Making ozonolysis safe for manufacturing
In 2003, 20 people were injured, some badly, when an ozonolysis reaction at DSM’s facility in Linz, Austria, went awry and the plant blew up.
Tragic events like that are why chemical companies shy away from ozonolysis in manufacturing. Research chemists also avoid the process, in part because they know it can’t readily be scaled up for commercial use.
But reacting ozone across a double bond is a simple, atom-efficient way to produce desirable diacids, aldehydes, and other oxidation products. Being able to do ozonolysis safely would open up a whole new family of reactions for industrial chemists.

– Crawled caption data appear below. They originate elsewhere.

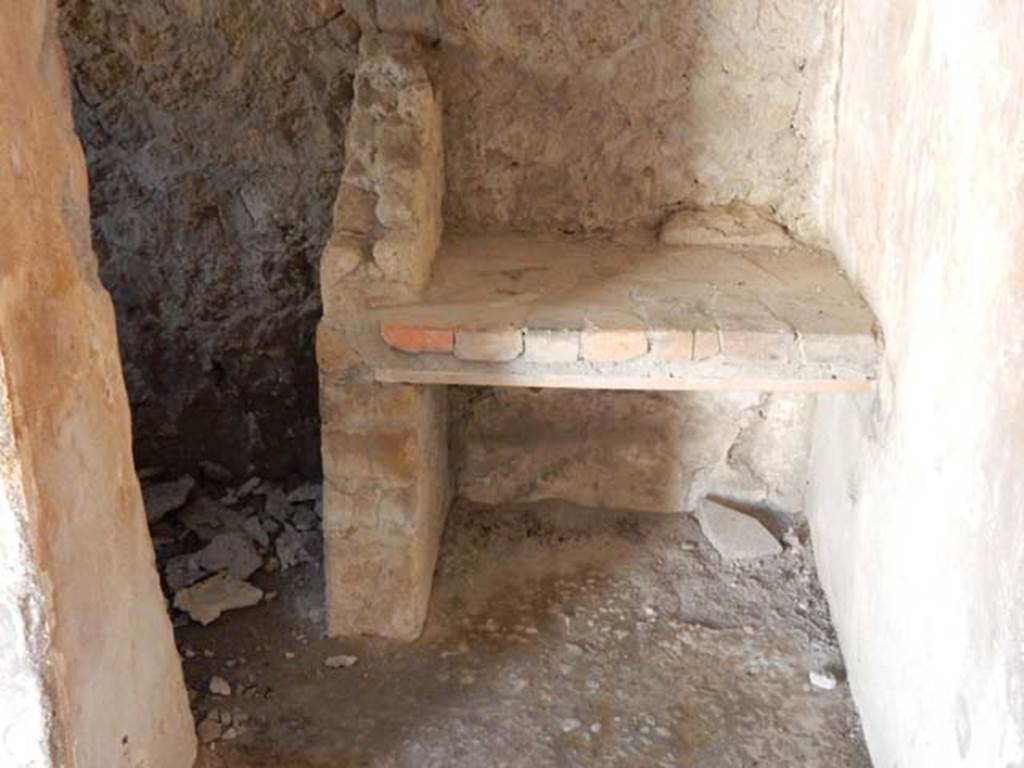 V.8 Herculaneum. May 2018. Room 2, kitchen. Photo courtesy of Buzz Ferebee.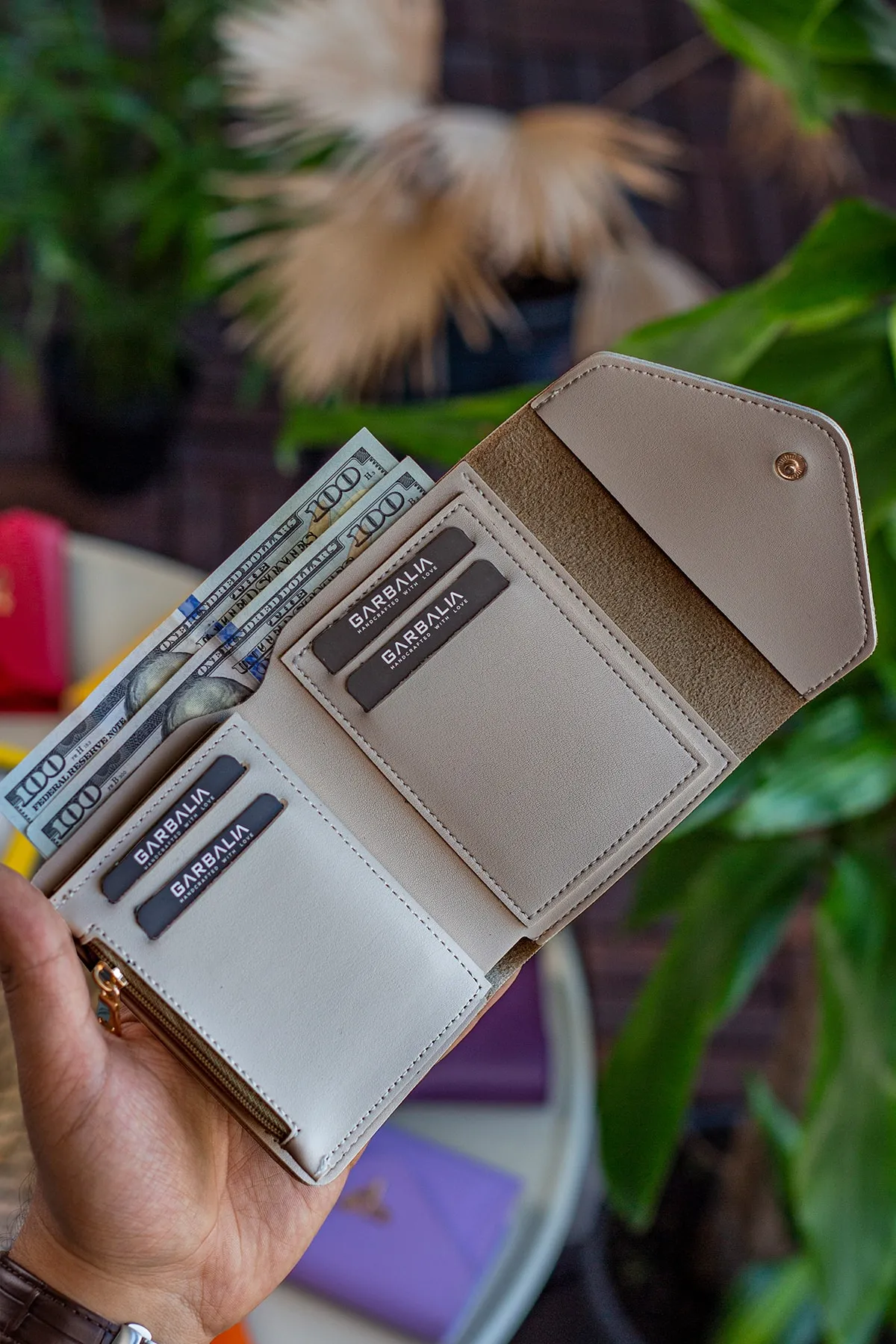Garbalia  Columbia Mini-Geldbörse aus veganem Leder in Beige mit Münzfach und losem Kartenhalter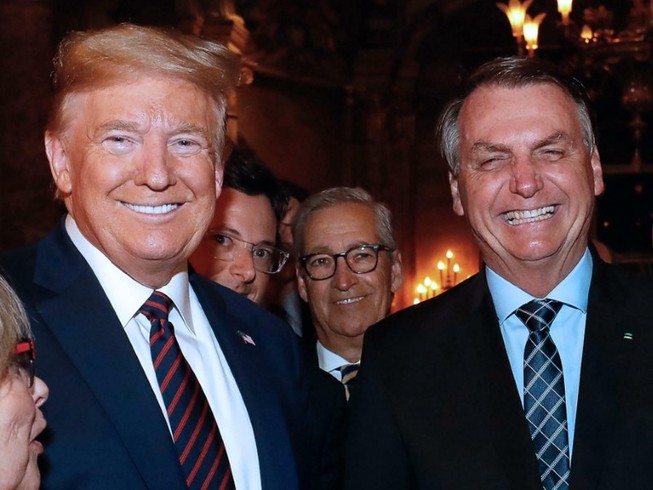 Tổng thống Mỹ Donald Trump (trái) chụp hình chung với người đồng cấp Brazil Jair Bolsonaro hôm 7-3. Ảnh: AFP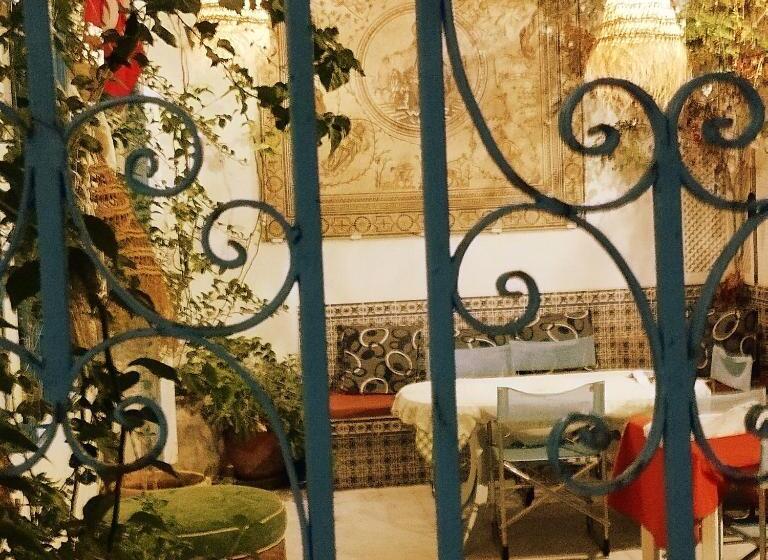 اتاق خانوادگی با چشمانداز دریا, Maison Albatros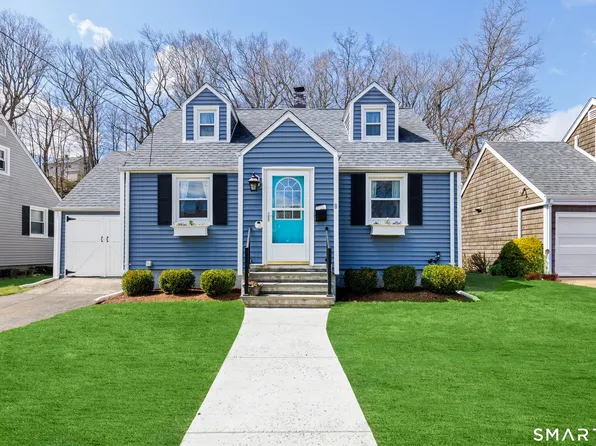 8 Bartlett Manor, Norwalk, CT 06850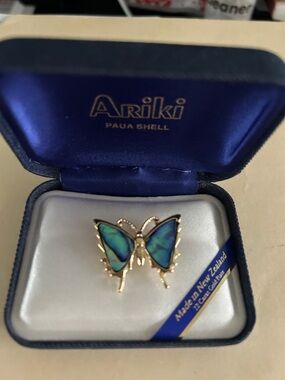 Paua Shell Blue-Green Butterfly Brooch. Vintage. Never worn. 22 carat gold plate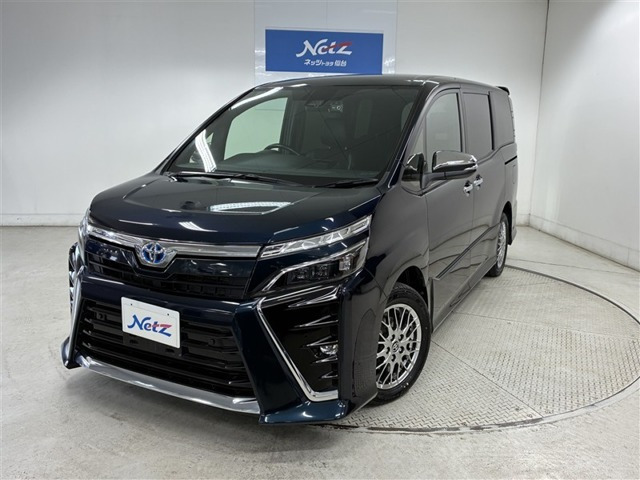 ヴォクシー1.8 ハイブリッド ZS 煌III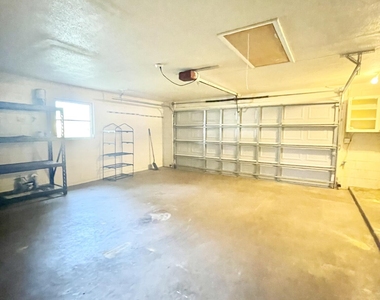 3025 Briarwood Lane - Photo Thumbnail 37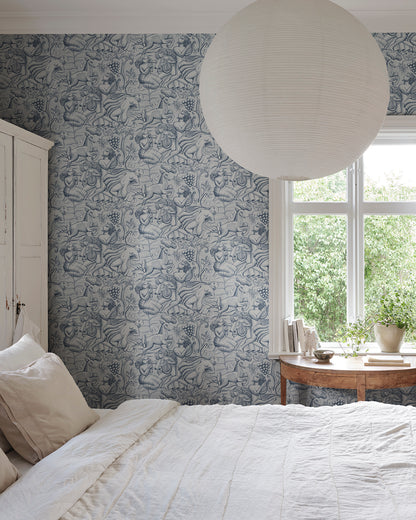 Carl Milles and Anna Petrus's imprint on design history was the source of inspiration for this elegant wallpaper mural. In a soothing light blue, it adds a touch of classical beauty to any room.
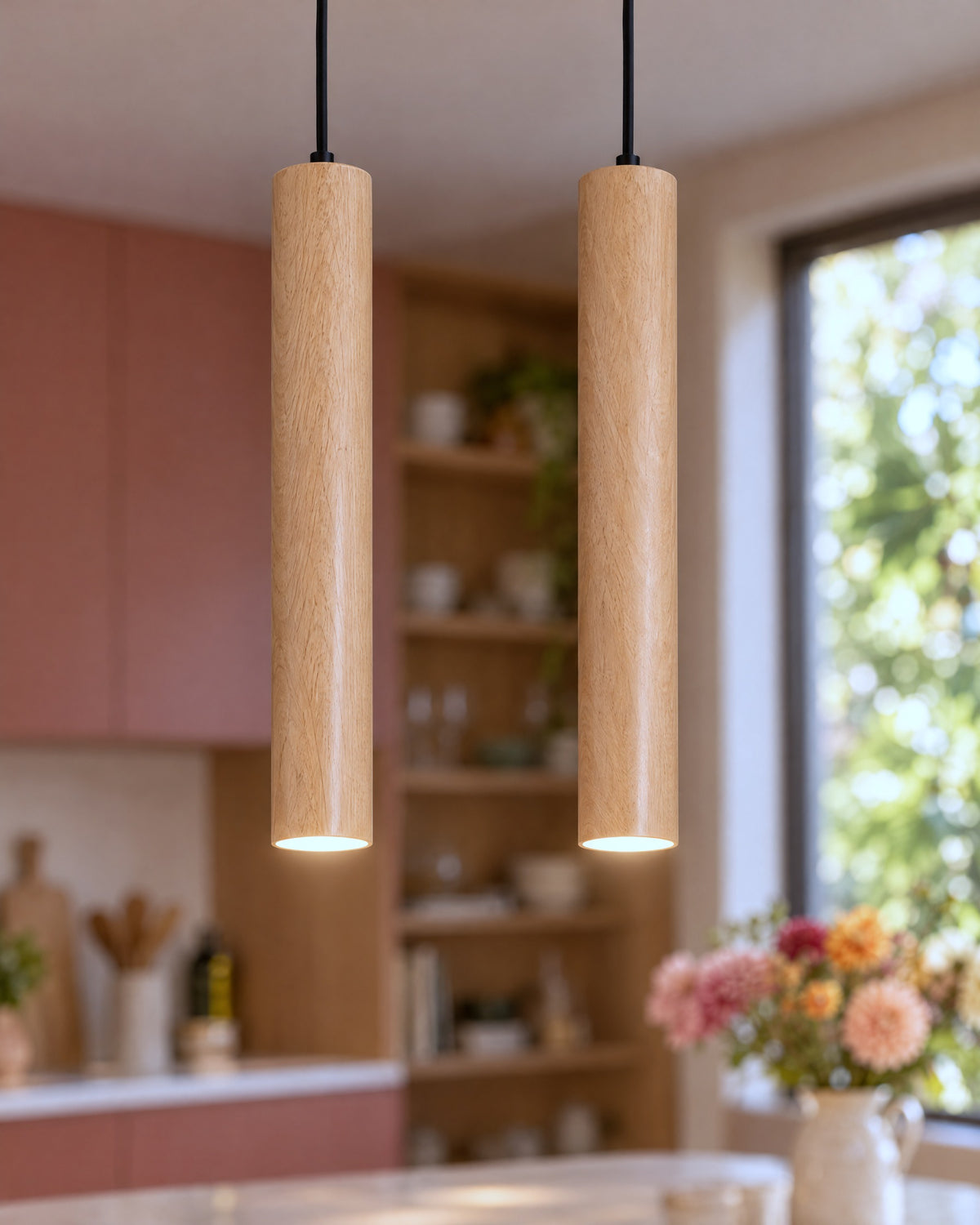 Détail des deux cylindres en chêne de la suspension Lino dans une cuisine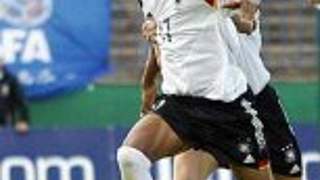 Kevin-Prince Boateng bejubelt <br>sein Tor gegen Griechenland © UEFA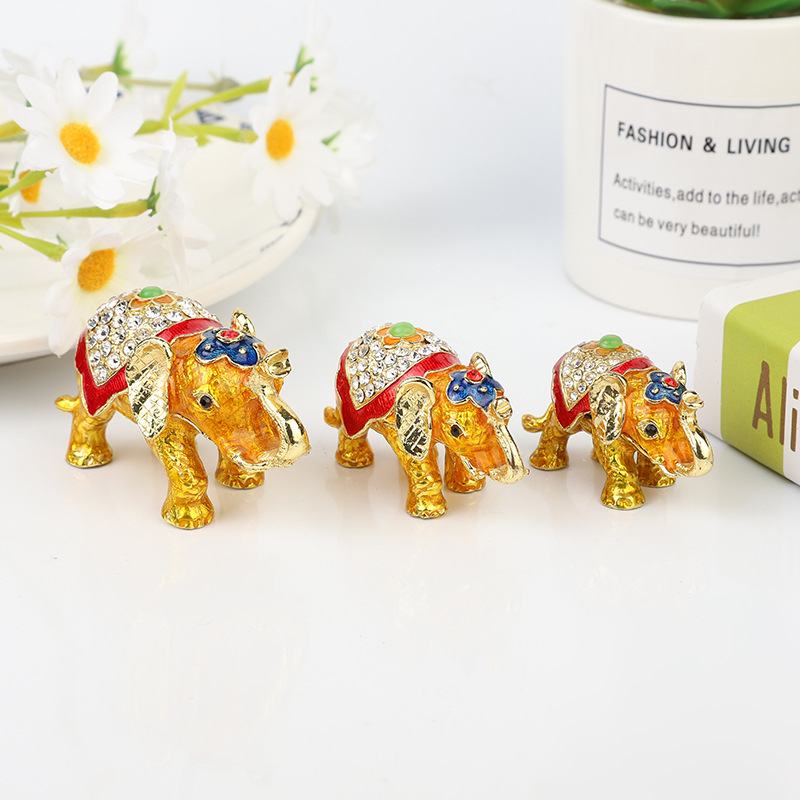 Golden elephant shaped ornament box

That’s what P2 Science intends to do. The Connecticut-based start-up wants to use continuous-flow technology to make ozonolysis safe for chemical manufacturing.
One of P2’s founders is Paul Anastas, a synthetic organic chemist who directs the Center for Green Chemistry & Green Engineering at Yale and is often called the father of green chemistry. The firm’s other founder, and its chief science officer, is Patrick Foley, who was in the first class of Ph.D. graduates to come out of the green chemistry center.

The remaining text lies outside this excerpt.